Legislation Proposes Short-Term Solution to Stop Asian Carp
Complete hydrological separation, however, will require at least 25 years to construct, according to the Army Corps study. In the meantime, Great Lakes states and conservation groups are focusing their attention on interim technology to slow the spread of invasive species through the Chicago waterways.
The Defending Our Great Lakes Act introduced last month by Congresswoman Candice Miller (R-MI) in the House, and Senator Debbie Stabenow (D-MI) in the Senate, would put those technologies in place at the Brand Road Lock and Dam. For example, the legislation would allow the Army Corps to install electric barriers, carbon dioxide bubble screens, underwater sound canons, and pheromones to deter Asian carp from moving upstream.
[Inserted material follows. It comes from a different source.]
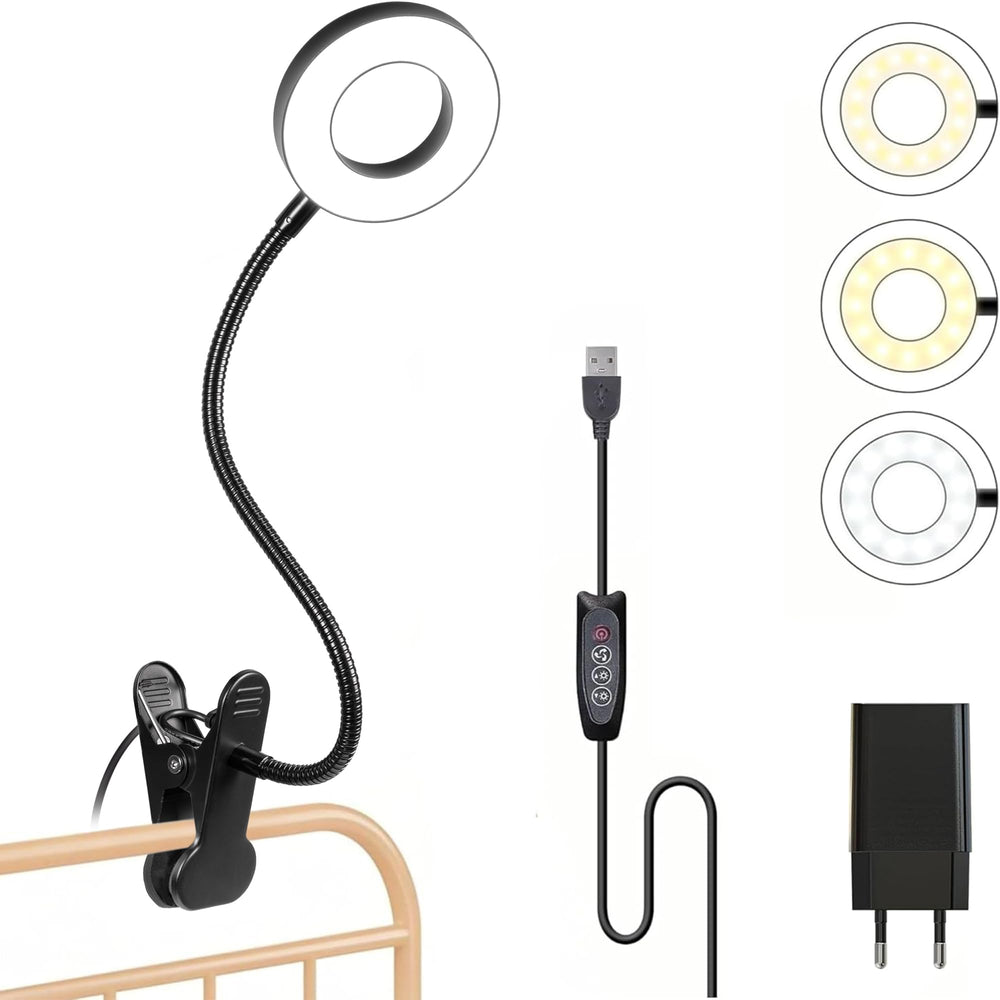 Foneso Klemme Lampe,48 LEDs Dimmbare Leselampe Bett(Schwarz)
In December, the Corps began studying which of these technologies would be the most effective.
“While not as foolproof as hydrologic separation, which I still believe is the ultimate solution, this option will be effective. With its bipartisan, bicameral support, I am hopeful we can get it passed,” Representative Miller wrote in a statement to Circle of Blue.
Miller, who introduced a bill to authorize complete separation that was defeated last year, said that funding and commerce are the two largest challenges to stopping Asian carp from invading the Great Lakes.
Alliance for the Great Lakes
“Complete hydrologic separation is estimated to cost $18 billion,” she wrote. “The improvements and additions to Brandon Road Lock and Dam included in this new legislation are estimated to cost between $300 to $400 million. Additionally, there is a significant amount of commerce that travels through this system. We need to make sure that, whatever is done, there is adequate infrastructure there to continue to facilitate commerce.”
While the legislation does not authorize hydrological separation, it does require the Army Corps to work with regional agencies and interest groups to prevent the spread of invasive species and report to Congress every year.
“[This legislation] is really important because it authorizes the implementation of some immediate risk reduction measures, but also requires the Army Corps and other federal agencies to keep an eye on the long-term permanent solution needed to keep carp and other invasive species out of the Great Lakes,” Jennifer Caddick, engagement director at the Chicago-based Alliance for the Great Lakes, told Circle of Blue. “That’s an important piece—making sure we can get immediate risk reduction measures in place.”